Record extracts –
[Start of Attachment]

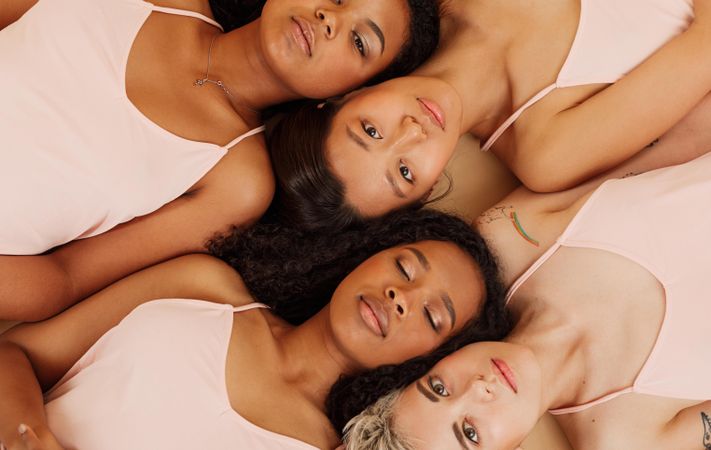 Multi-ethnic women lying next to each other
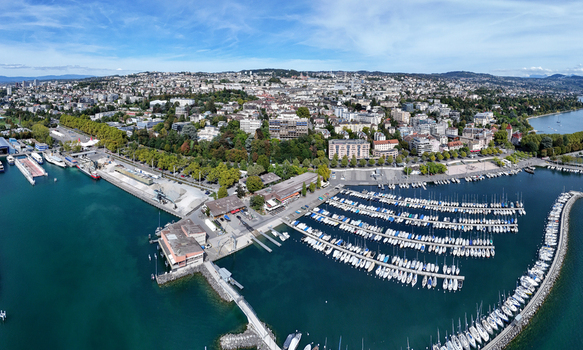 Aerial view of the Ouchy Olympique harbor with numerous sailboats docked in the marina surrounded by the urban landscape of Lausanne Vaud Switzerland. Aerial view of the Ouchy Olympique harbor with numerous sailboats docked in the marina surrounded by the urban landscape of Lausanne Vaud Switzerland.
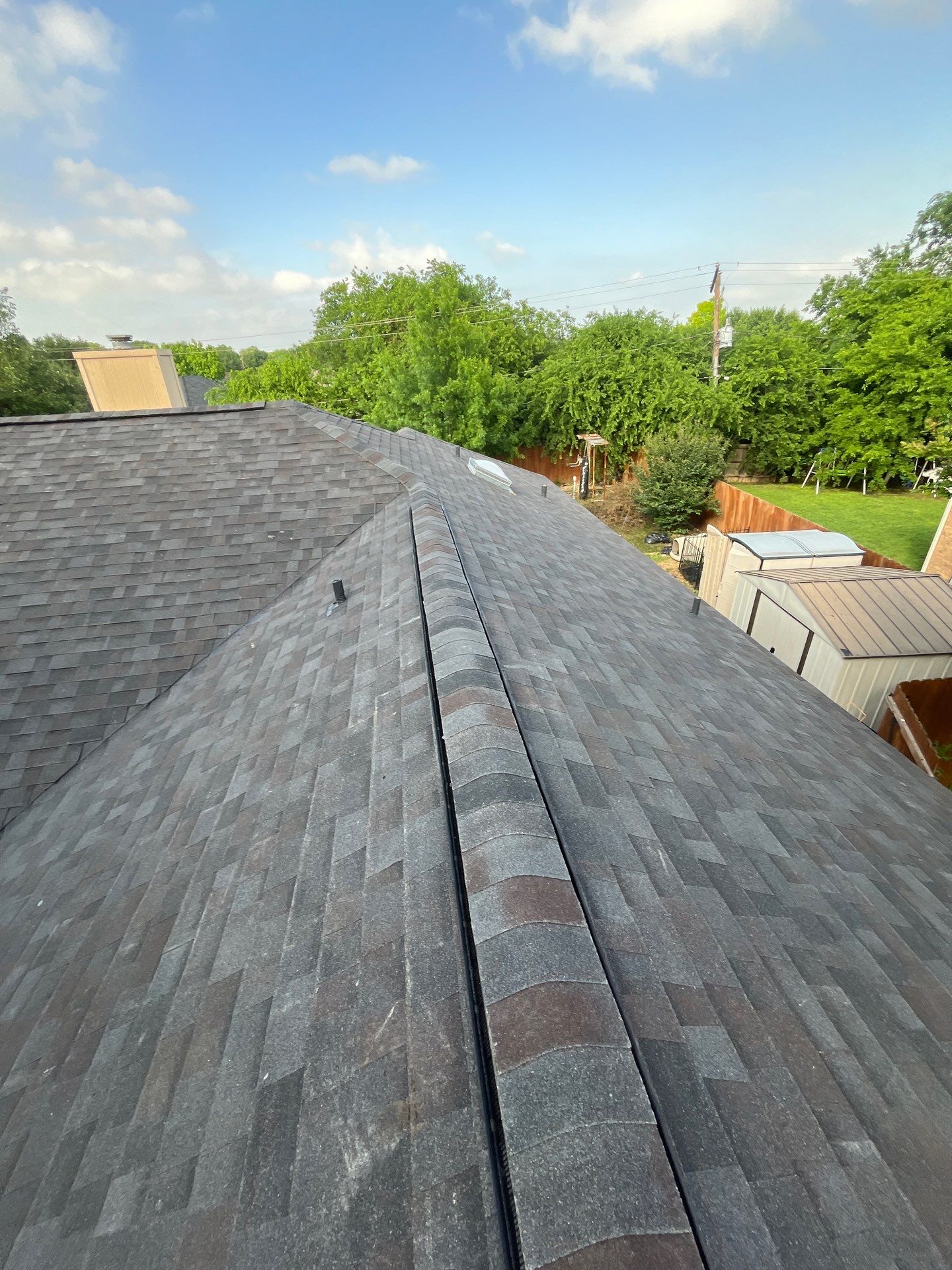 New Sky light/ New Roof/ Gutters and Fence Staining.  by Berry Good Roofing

[End of Attachment]
[Start of Attachment]

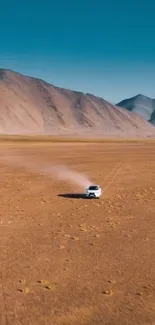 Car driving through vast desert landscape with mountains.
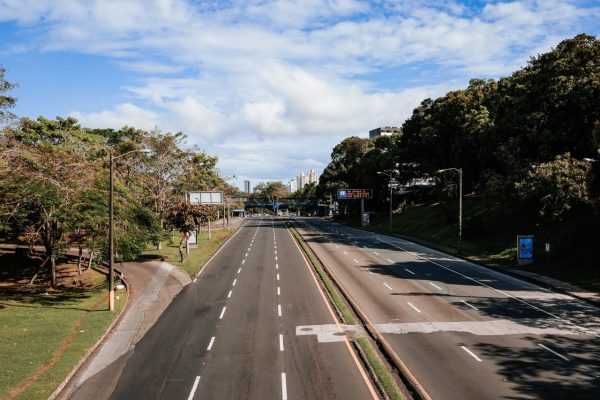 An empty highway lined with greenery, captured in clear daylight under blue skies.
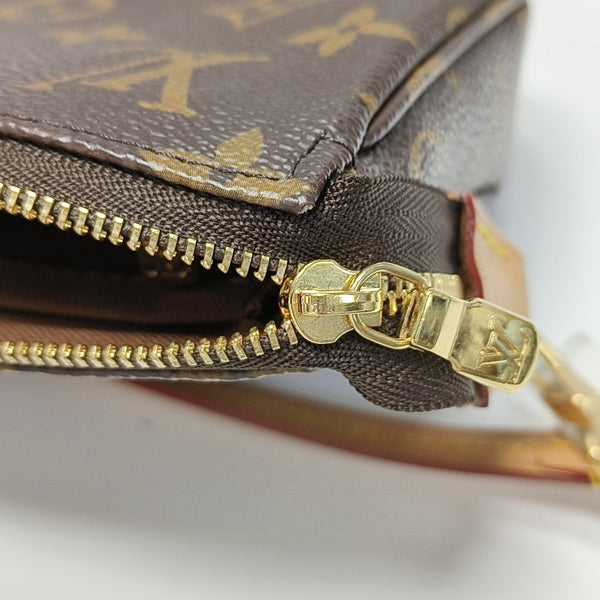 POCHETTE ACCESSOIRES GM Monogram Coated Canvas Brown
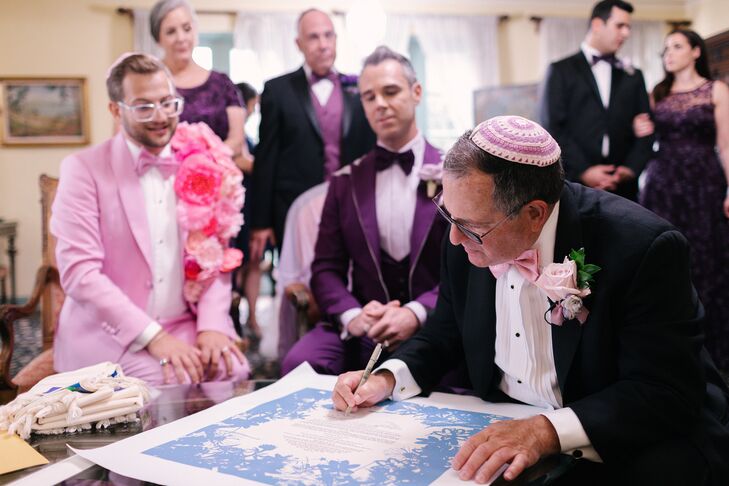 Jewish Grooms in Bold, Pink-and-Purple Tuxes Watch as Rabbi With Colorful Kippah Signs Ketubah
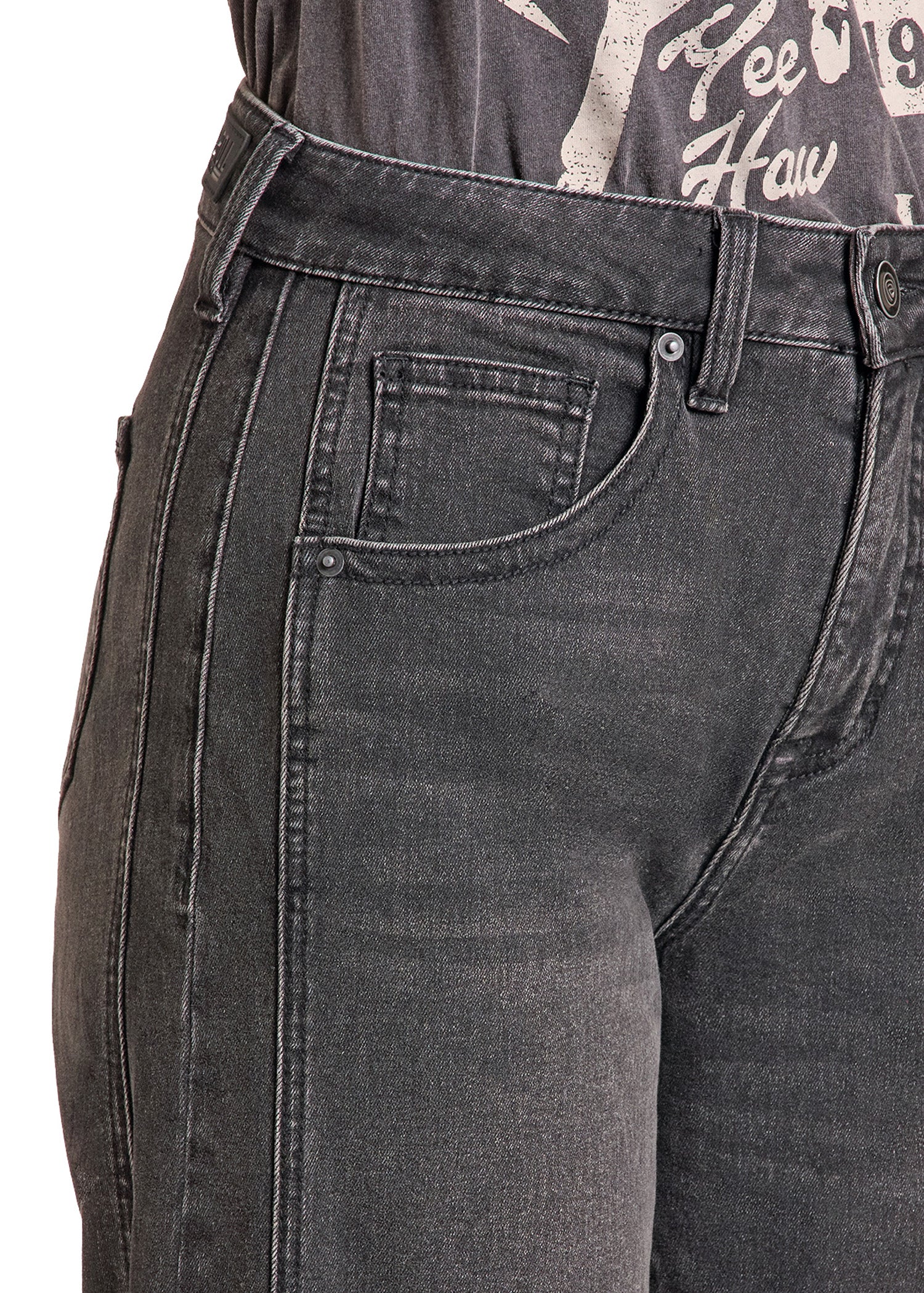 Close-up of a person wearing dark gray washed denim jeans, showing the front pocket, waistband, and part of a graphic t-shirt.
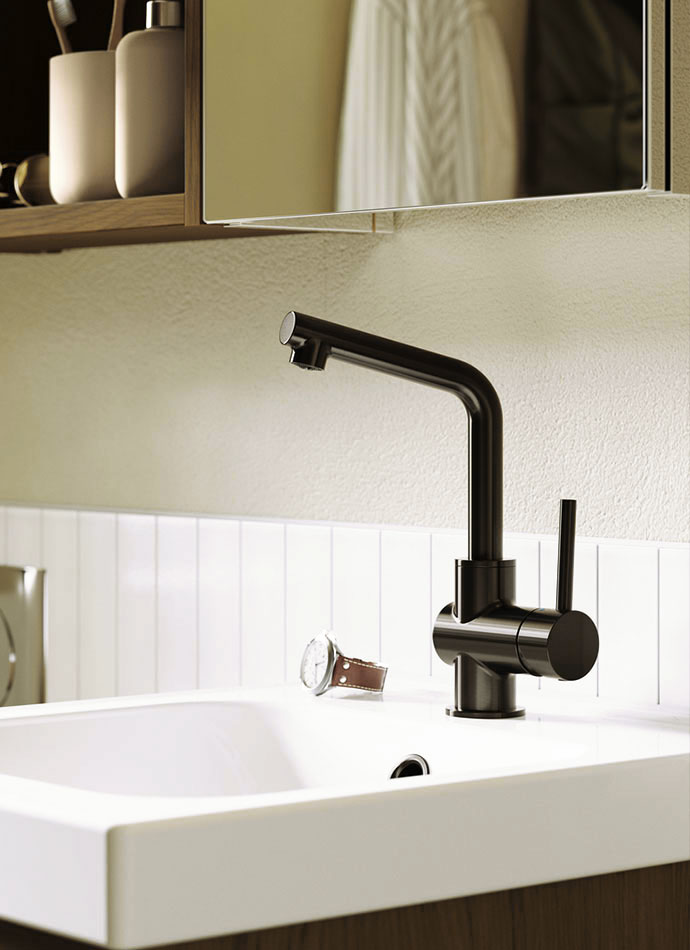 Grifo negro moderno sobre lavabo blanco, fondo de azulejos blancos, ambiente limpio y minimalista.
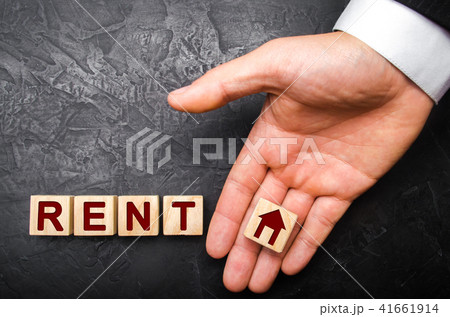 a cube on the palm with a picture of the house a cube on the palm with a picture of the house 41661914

[End of Attachment]

What this task involves – Leave out every picture, and copy exactly the lines above starting at the one holding "Grifo negro moderno" and ending at the one holding "the house 41661914", no more and no less.

Answer to this task –
 Grifo negro moderno sobre lavabo blanco, fondo de azulejos blancos, ambiente limpio y minimalista.
 a cube on the palm with a picture of the house a cube on the palm with a picture of the house 41661914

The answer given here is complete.